In this time of uncertainty, it has become increasingly apparent that the values of Washington do not align with the common people, nor the Earth that sustains them. Not a revolutionary idea of course—but one that has repeatedly proved itself to be true—especially in the context of recent news regarding the review of America’s most cherished national monuments.

Twenty seven of our wilderness sanctuaries, from the forests of Maine to the oceans of Hawai’i, are at risk of despoliation by the current presidential administration in an unprecedented attempt to mine, drill, and destroy in the name of temporary economic gain.

“Ryan Zinke, the secretary of the interior, [is determining] if previous administrations exceeded their authority in setting aside craggy vistas, ancient cliff dwellings and other large tracts of land for protection,” according to the New York Times. “He is expected to recommend that some be scaled back, or perhaps eliminated entirely and transferred to state ownership.”

All National Monuments Under Review

Credited to the New York Times authors Lisa Friedman, Nadja Popovich, and Matt McCann

It is a curious time we are living in. One in which an entire administration has represented itself as the epitome of the environmental enemy. One in which the inherent worth of untouched Nature has been deemed as trivial. The threat of scaling back—or even eradicating—the boundaries of these protected lands is nothing more than a declaration of worship for America’s Lord and Savior: profit.

To reverse the efforts of previous presidents in acknowledging historical, cultural, or scientific value in these locations is not only offensive but illegal. The American government structure was not established with the intent to support the authoritarian-like pursuits of one individual wrongfully elected by an outdated system, allowing him to write away sacred indigenous lands and adored national monuments without congressional input.

If Theodore Roosevelt only knew how the amber waves of grain and purple mountain majesties would later be lusted over with hungry eyes for the almighty dollar, perhaps the Antiquities Act would be slightly more binding.

Some suspect this review to represent a larger effort of the Trump administration in undermining and diminishing strides made under the presidency of Barack Obama. But regardless of the motive—be it political tactic or a callous lack of consideration for Nature—we must publicly oppose these efforts.

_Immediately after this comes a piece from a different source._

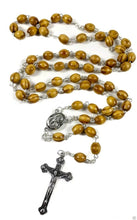 Genuine Olive Wood Beads Rosary Beaded Necklace Catholic Cross Holy Soil Medal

And on a larger note, welcome the desacralization of dirty energy and extraction that demands destruction to Earthly masterpieces.

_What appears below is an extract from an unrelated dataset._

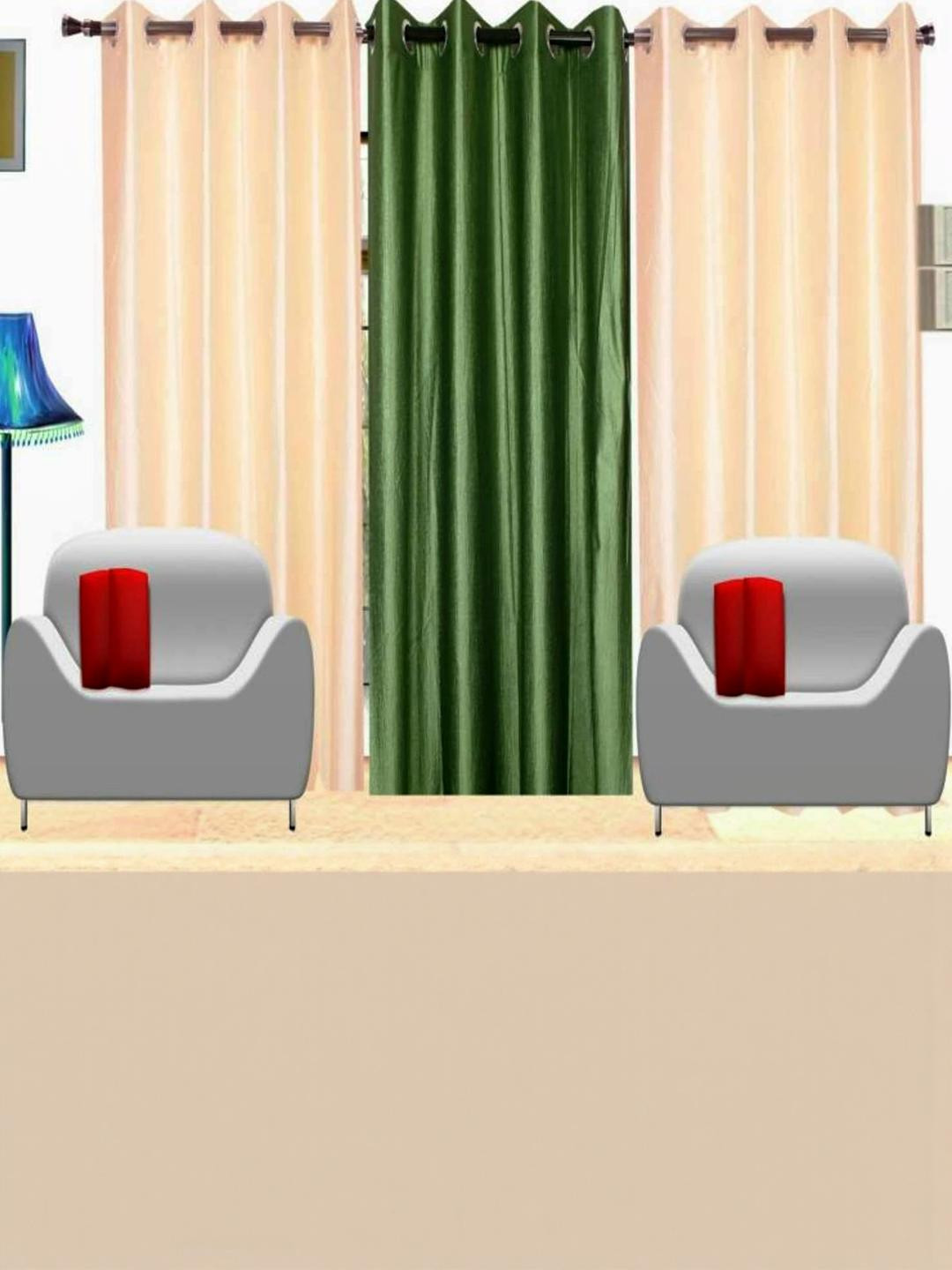 270 cm (9 ft) Polyester Semi Transparent Long Door Curtain (Pack Of 3) (Plain, Multicolor)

To oppose the reevaluation and potential depletion of our valuable national parks, the following recommendations are listed below:

  1. E-mail or fill out a feedback form with the U.S. Department of the Interior to announce your stance on reducing protection for national lands.
  2. Contact your congressman and senator and demand opposition to a government that does not value the act of preserving Nature.
  3. Join, volunteer, or donate to one of the many trustworthy environmental organizations that are actively protesting this affair, such as the National Parks Conservation Association.
  4. Publicly express the importance of our beloved parks and declare yourself against their exploitation.